• [Exercise objective]
Beginning at the line that contains "Laboratoires De Biarritz", reproduce every line to the end of the material without changing any of them.

• [Information supplied]
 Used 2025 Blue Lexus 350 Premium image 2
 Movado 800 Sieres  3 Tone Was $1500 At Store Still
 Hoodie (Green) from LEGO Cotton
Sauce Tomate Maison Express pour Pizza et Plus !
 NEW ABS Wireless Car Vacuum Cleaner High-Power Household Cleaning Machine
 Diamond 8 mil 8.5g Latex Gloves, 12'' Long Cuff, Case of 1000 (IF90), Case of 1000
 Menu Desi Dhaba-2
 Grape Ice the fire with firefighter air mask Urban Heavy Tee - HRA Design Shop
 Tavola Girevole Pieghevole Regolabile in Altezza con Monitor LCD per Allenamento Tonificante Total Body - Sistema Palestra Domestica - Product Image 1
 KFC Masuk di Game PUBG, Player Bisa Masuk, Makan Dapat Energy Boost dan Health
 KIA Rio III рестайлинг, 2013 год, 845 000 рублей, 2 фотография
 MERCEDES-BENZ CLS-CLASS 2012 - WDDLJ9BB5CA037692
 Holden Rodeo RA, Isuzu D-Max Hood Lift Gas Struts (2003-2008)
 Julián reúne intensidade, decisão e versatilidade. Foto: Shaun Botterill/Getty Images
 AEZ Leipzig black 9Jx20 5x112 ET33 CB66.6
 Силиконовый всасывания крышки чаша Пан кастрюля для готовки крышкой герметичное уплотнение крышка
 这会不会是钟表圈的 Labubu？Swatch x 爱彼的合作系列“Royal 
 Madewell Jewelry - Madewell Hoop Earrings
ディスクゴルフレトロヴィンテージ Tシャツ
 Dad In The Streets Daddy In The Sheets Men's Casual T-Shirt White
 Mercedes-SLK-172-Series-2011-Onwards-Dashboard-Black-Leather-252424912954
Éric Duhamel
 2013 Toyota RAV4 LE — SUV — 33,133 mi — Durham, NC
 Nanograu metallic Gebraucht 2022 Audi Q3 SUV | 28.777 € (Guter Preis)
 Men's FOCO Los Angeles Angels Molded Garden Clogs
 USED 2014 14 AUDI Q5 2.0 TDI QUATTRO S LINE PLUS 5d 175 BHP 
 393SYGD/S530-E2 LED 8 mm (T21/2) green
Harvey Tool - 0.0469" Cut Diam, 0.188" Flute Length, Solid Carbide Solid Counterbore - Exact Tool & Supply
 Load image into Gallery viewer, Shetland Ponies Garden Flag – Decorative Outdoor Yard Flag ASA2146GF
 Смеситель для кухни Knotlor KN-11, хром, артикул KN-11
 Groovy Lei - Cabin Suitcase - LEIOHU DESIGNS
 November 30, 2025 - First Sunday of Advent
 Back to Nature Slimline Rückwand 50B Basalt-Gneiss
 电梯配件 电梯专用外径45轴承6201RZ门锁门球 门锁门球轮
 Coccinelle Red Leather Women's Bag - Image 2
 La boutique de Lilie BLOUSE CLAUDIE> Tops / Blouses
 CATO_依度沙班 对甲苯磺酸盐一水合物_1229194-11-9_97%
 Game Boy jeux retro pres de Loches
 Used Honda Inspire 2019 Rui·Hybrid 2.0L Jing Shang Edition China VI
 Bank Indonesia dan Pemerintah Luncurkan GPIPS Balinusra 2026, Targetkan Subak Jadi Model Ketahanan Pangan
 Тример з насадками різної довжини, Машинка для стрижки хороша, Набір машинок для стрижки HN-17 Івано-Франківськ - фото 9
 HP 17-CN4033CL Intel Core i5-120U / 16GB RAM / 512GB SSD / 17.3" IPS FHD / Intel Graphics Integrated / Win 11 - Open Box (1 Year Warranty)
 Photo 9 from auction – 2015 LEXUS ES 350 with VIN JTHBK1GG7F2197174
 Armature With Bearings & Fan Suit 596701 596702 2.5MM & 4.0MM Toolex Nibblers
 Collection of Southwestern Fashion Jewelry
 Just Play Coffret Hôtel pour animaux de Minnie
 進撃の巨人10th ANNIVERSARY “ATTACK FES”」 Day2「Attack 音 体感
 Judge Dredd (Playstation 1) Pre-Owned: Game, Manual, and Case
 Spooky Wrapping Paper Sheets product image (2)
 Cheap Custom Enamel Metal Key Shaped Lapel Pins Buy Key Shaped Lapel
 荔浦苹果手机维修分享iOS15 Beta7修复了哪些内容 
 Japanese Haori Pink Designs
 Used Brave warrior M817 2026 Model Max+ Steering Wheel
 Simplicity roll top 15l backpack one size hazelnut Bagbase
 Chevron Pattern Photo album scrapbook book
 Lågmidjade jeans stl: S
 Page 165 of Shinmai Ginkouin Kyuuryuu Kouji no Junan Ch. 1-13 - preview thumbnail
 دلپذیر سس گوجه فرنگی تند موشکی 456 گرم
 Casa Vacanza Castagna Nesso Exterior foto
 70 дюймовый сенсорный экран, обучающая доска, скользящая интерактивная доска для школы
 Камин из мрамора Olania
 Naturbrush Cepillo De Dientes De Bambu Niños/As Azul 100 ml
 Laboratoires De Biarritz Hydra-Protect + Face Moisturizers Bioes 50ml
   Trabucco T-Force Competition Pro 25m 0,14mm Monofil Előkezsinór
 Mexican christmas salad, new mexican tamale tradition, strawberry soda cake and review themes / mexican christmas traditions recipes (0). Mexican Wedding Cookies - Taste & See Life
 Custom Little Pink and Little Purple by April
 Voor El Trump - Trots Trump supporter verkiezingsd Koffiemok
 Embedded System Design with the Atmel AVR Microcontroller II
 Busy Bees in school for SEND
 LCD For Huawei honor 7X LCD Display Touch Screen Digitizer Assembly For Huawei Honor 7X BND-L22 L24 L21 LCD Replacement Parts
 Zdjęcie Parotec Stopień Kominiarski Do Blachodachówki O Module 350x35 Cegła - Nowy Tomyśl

• [Solution to this task]
 Laboratoires De Biarritz Hydra-Protect + Face Moisturizers Bioes 50ml
   Trabucco T-Force Competition Pro 25m 0,14mm Monofil Előkezsinór
 Mexican christmas salad, new mexican tamale tradition, strawberry soda cake and review themes / mexican christmas traditions recipes (0). Mexican Wedding Cookies - Taste & See Life
 Custom Little Pink and Little Purple by April
 Voor El Trump - Trots Trump supporter verkiezingsd Koffiemok
 Embedded System Design with the Atmel AVR Microcontroller II
 Busy Bees in school for SEND
 LCD For Huawei honor 7X LCD Display Touch Screen Digitizer Assembly For Huawei Honor 7X BND-L22 L24 L21 LCD Replacement Parts
 Zdjęcie Parotec Stopień Kominiarski Do Blachodachówki O Module 350x35 Cegła - Nowy Tomyśl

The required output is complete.